Marta Wierzbicka i Oliwia Cabaj o kulisach „Azja Express”. Czy znalazły czas na makijaż?

Za nami drugi odcinek  „Azja Express”. Jedną z par biorących udział w wyścigu jest Marta Wierzbicka oraz jej przyjaciółka Oliwia Cabaj. Program to dla nich duże wyzwanie. Nie zawsze było łatwo. O której dziewczyny wstawały i czy znalazły czas na makijaż? Aktorka wraz z koleżanką uchyla rąbka tajemnicy!

Okazuje się, że uczestnicy po dotarciu na metę musieli nagrywać jeszcze wywiady, podczas których opowiadali o wrażeniach z całego dnia. Czasu na sen wcale nie było dużo.   

„Po całym dniu wyścigu trzeba było nagrać setki czyli wywiady, które zazwyczaj trwały około trzech godzin, nasz dzień kończył się zatem około 12 w nocy, a pobudki były miedzy 6 a 7 rano. W wywiadach trzeba było przypomnieć sobie cały dzień i wszystko opowiedzieć – mówi Marta Wierzbicka i Oliwia Cabaj w rozmowie z „Party”.

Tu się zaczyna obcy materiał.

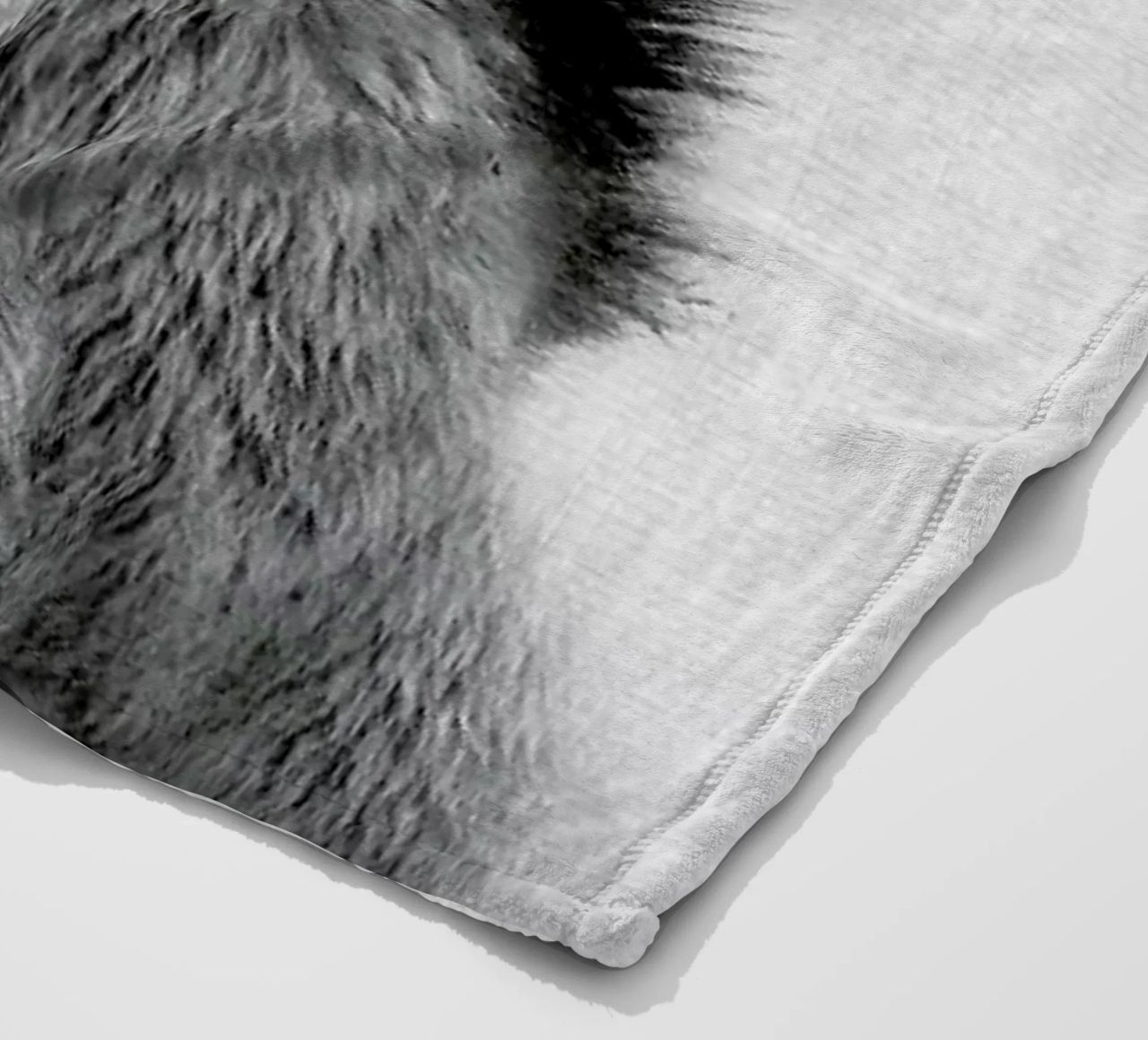 Print 64 coperta in pile da Lila x Lola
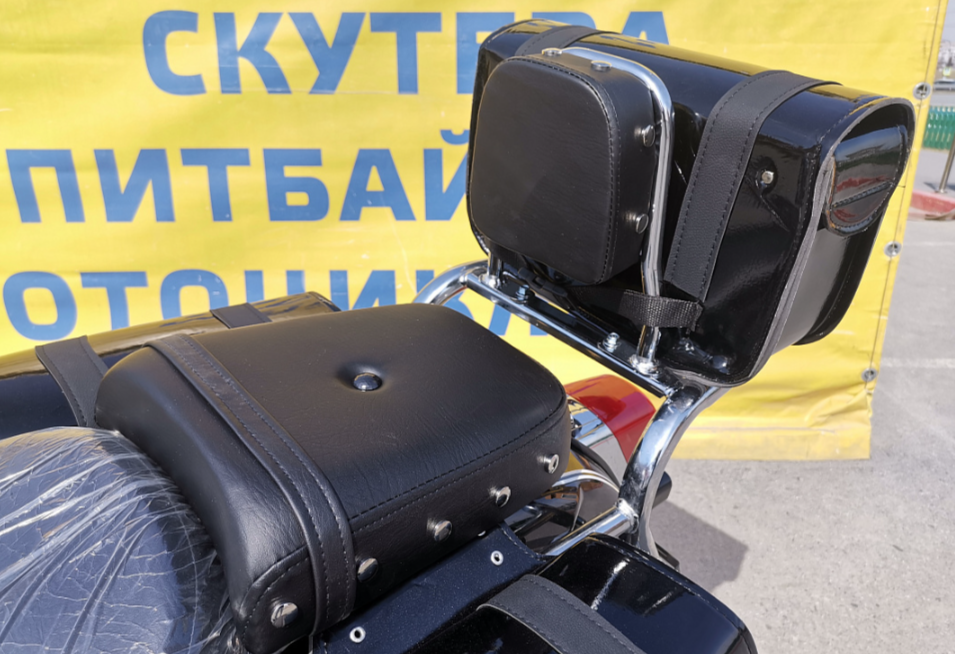 Мотоцикл MOTOLAND (МОТОЛЕНД) WOLF 250 в Ухте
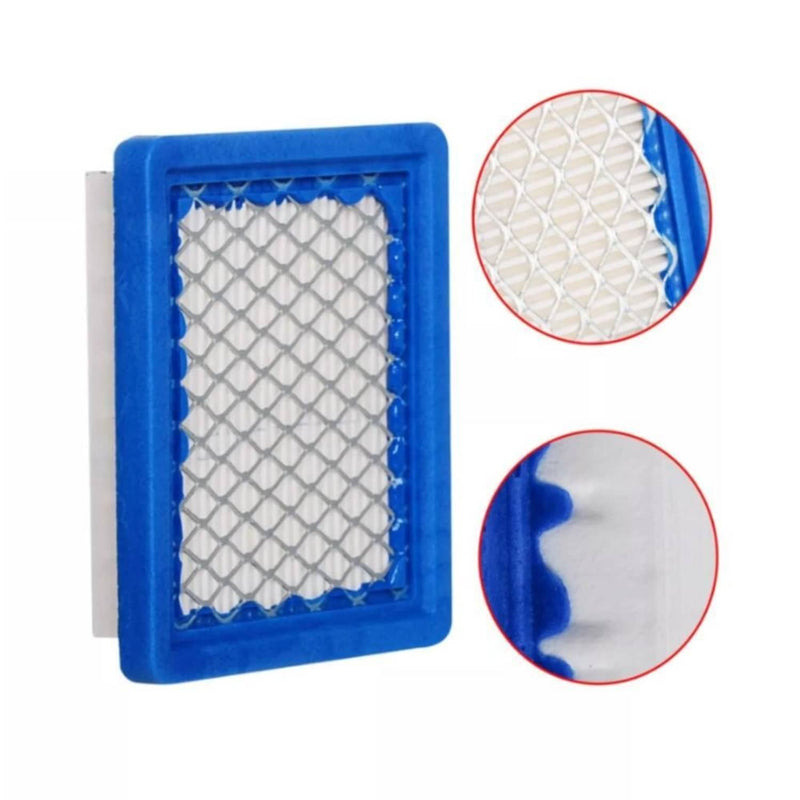 DURAFORCE Air Filter for Mercury for Mariner 135HP 150HP 175HP Optimax Outboard 2 Pieces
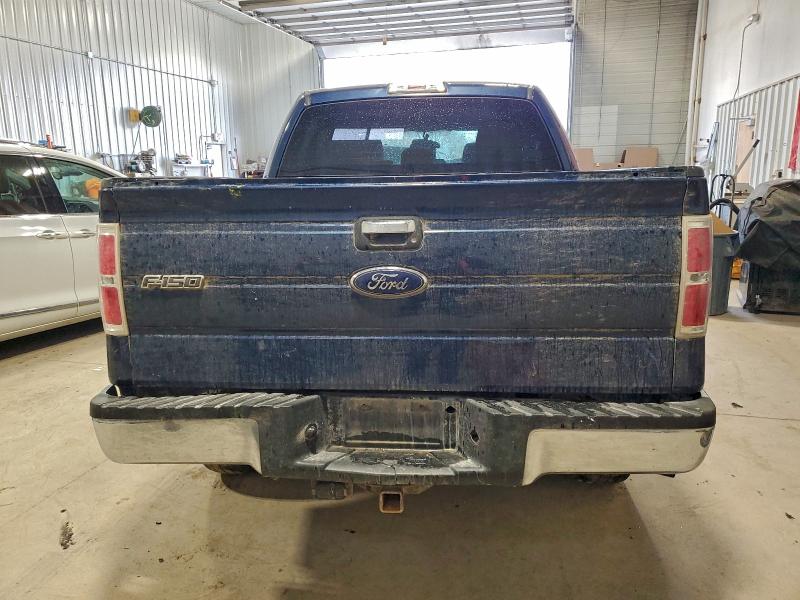 Photo 6 from auction – 2013 FORD F150 SUPER with VIN 1FTFW1ET8DKF59582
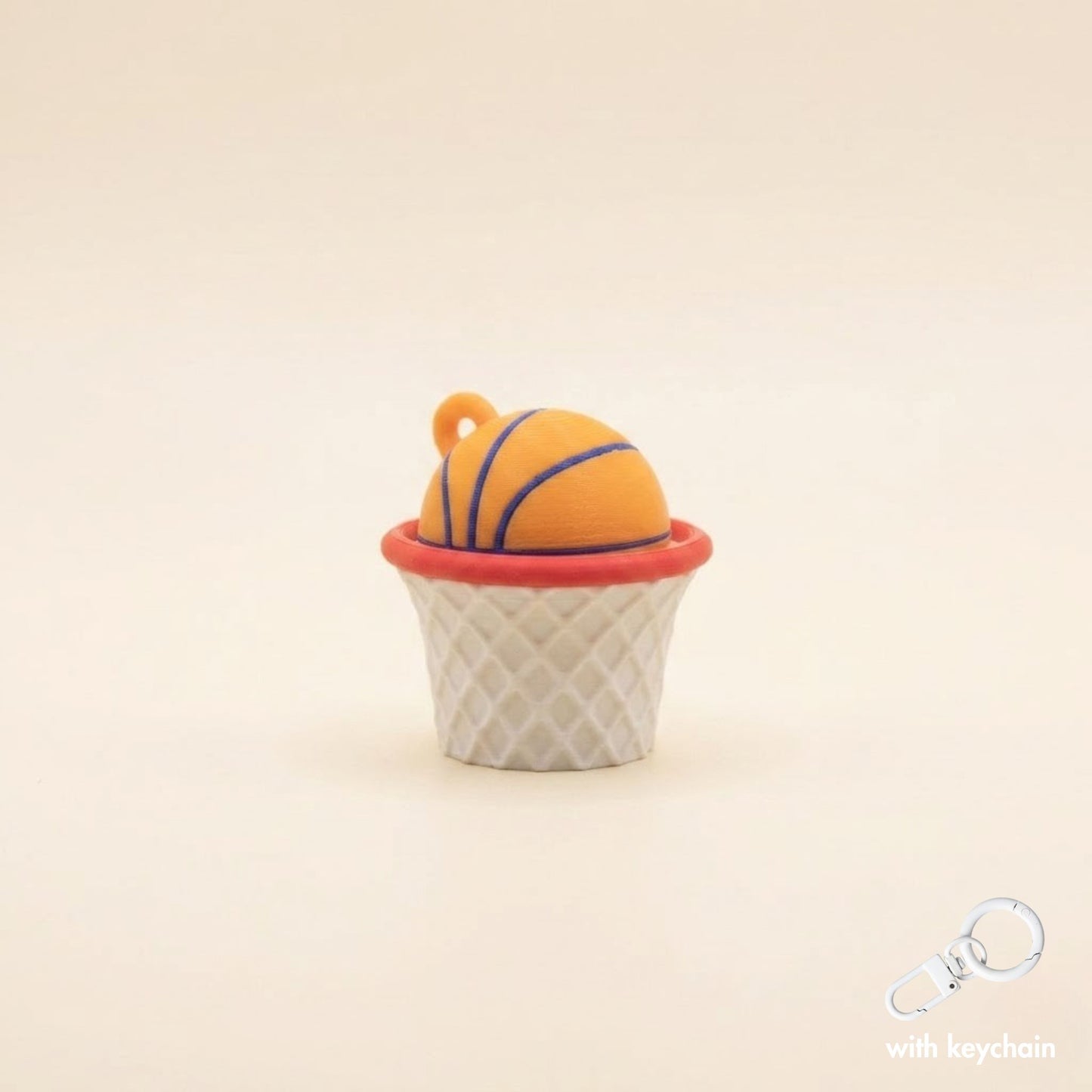 My Emotional Support Basketball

Również ważną kwestią było znalezienie noclegu. Nie zawsze było łatwo. Wiele osób nie chciało gwiazd przyjąć pod swój dach, gdyż nie miało do nich zaufania. Mieszkańcy Indii myśleli, że uczestnicy „Azja Express” chcą ich okraść.

„W programie szybko pokazują, że mamy nocleg. Tak naprawdę szukanie go zajmuje minimum 1,5 godzin i nie zawsze kończy się to powodzeniem. Kiedy widzisz, że nadchodzi zmierzch, to zaczynasz panikować i denerwować się, a przede wszystkim wątpić w siebie. Problemem największym było to, że ludzie myśleli, że chcemy ich okraść. Często pytali nas o paszporty, robili im zdjęcia, żeby mieć pewność, że nic się nie stanie – mówią dziewczyny.

Marta Wierzbicka i Oliwia Cabaj o kulisach „Azja Express”. Czy znalazły czas na makijaż?

Czy dziewczyny znalazły jeszcze czas na makijaż? Okazuje się, że niektóre kosmetyki oddały ludziom, u których spały. A codzienna kąpiel? W pewnym momencie przestała już mieć znaczenie…

„Zorientowałyśmy się, że nie potrzebne nam są 2 kosmetyczki ze wszystkim, tylko możemy się dzielić rzeczami z ludźmi. Część oddawaliśmy ludziom, u których spałyśmy. Nasz codzienny makijaż to krem z filtrem, który spływał po 15 minutach. Początkowo martwiłyśmy się, że nie mamy jak wykąpać się pierwszego wieczoru, szybko w czasie trwania programu zorientowałyśmy się, że nie ma to znaczenia – opowiadają Marta i Oliwia.